No vengo a molestar dijo Carmen. Solo vengo un rato a ayudar.
Se quedó con los críos mientras la hija dormía la siesta. Se marchó en silencio, sin dar discursos sobre lo dura que era la vida o sobre cómo había que vivirla.
Volvió a la semana siguiente. Y a la otra.
Seguía viendo que el yerno no era perfecto. Pero empezó a notar otras cosas: cómo cogía al pequeño con delicadeza, cómo tapaba a la hija con una manta por las noches, creyendo que nadie lo veía.
Un día no pudo contenerse y le soltó en la cocina:
¿Tú lo estás pasando mal?
Él la miró, como si nadie se lo hubiera preguntado jamás.
Mucho contestó, después de una pausa.
No añadió nada más. Pero algo incómodo se disipó entre ellos.
Carmen entendió: esperaba que su yerno se convirtiera en otra persona. Y tal vez tenía que empezar cambiando ella misma.
Dejó de criticarle con la hija. Cuando la hija se quejaba, ya no le decía: Ya te lo decía yo. Solo escuchaba. A veces se llevaba a los niños para que la hija descansara. Otras, llamaba al yerno para preguntar qué tal iba. Le costaba mucho. Era más fácil estar enfadada.

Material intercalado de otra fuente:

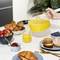 Une table avec un petit-déjeuner : Une main verse du jus d'orange dans un verre. À côté, des croissants, des fraises, de la confiture, un petit pain et des myrtilles.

Pero, poco a poco, la casa se fue quedando más tranquila. No mejor, ni más perfecta: más tranquila. Sin ese temblor constante.
Un día, la hija le dijo:
Gracias, mamá. Ahora siento que estás con nosotros, no contra nosotros.

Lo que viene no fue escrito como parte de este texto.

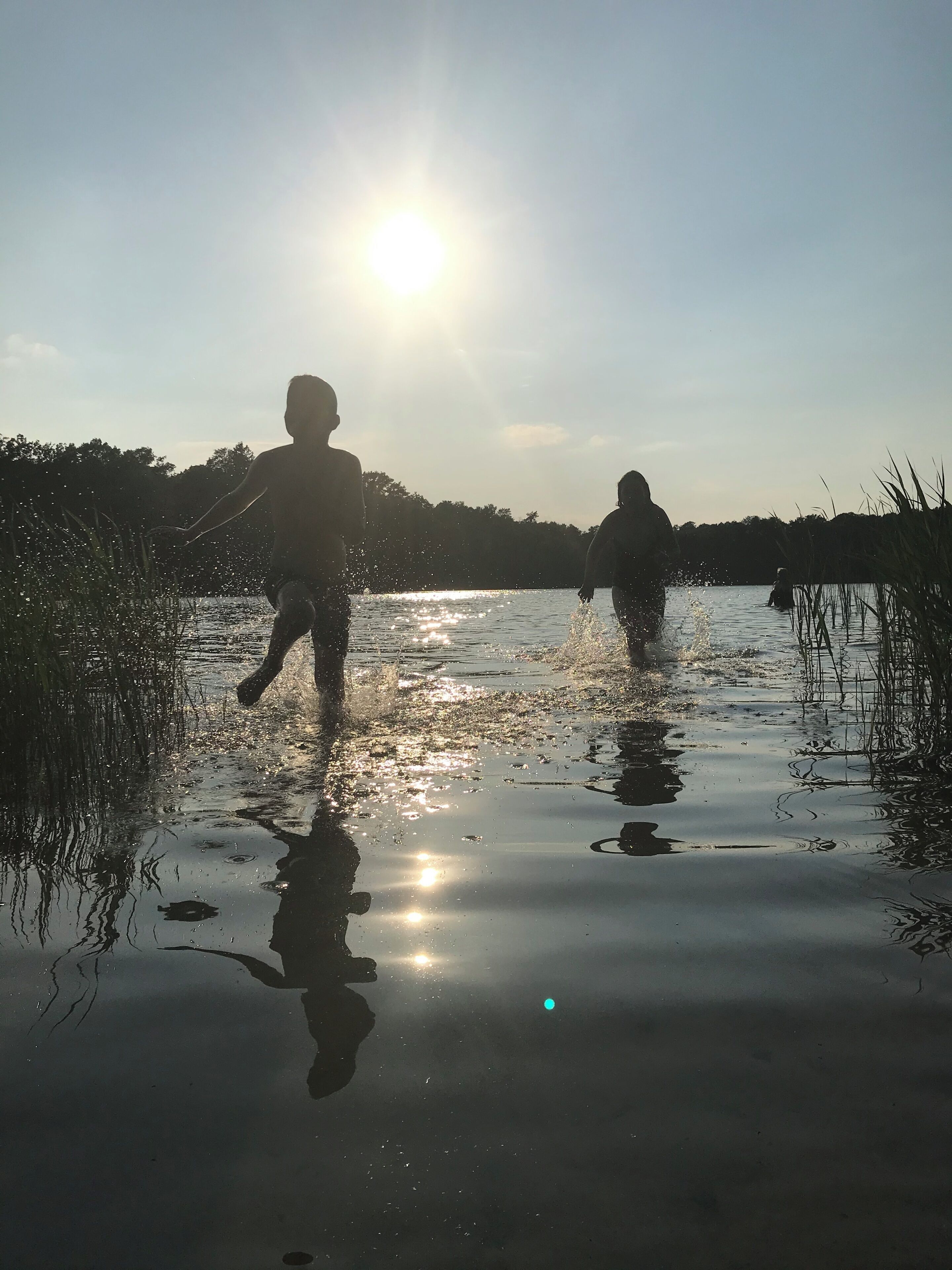 A body of water with reflections of the sun and silhouettes of people.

Carmen pensó largo rato en esas palabras.
Y entendió algo sencillo: la reconciliación no es que alguien pida perdón. Es que alguien deja de luchar el primero.
Seguía queriendo que el yerno fuera más atento. Ese deseo no se iba.
Pero, junto a ese deseo, había otro más importante: que en la familia se respirase paz.
Y cada vez que volvía el viejo enfado, las ganas de tener razón, de saltar, Carmen se preguntaba:
¿Quiero tener razón o quiero que a ellos les vaya mejor?
La respuesta, casi siempre, le aclaraba el camino.